Section 1.10.4

1.10.4. Special Considerations for Forested Properties. In developing an appraisal of forested properties, the appraiser must determine whether any merchantable timber is located on the property and whether the tree products located on the property are marketable and saleable. There must be sufficient volumes for profitable harvesting under existing state forest practice rules (or other applicable jurisdiction if appropriate). Merchantable timber may contribute value to the property. Pre-merchantable timber may or may not contribute value to the property and in some cases is included in the land value. 

A critical part of the valuation of forested property is a timber cruise. A cruise plan should be developed that establishes the cruise procedures to be used in accordance with current market practices for the area and type of timber. The objective is to establish cruise standards and sampling errors based on private market expectations in the local market when timber is sold with the land.

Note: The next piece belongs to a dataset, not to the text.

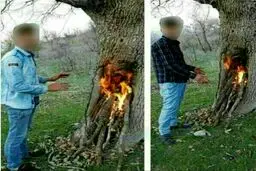دستگیری 2 نفر به جرم آتش‌زدن درخت در مازندران+ عکس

The sales comparison and income capitalization approaches are both appropriate for use in valuing properties with a highest and best use for timber production. In developing the sales comparison approach, the selection of the unit of comparison should be based on common local market practices. In developing the income capitalization approach, the appraiser must consider all factors including lumber selling price and absorption period (based on supply and demand analysis in the market), all harvesting and transportation costs, costs of sales, and profit. The discount rate used to estimate present value must be market supported and should reflect timber investment rates and risk associated with the subject property.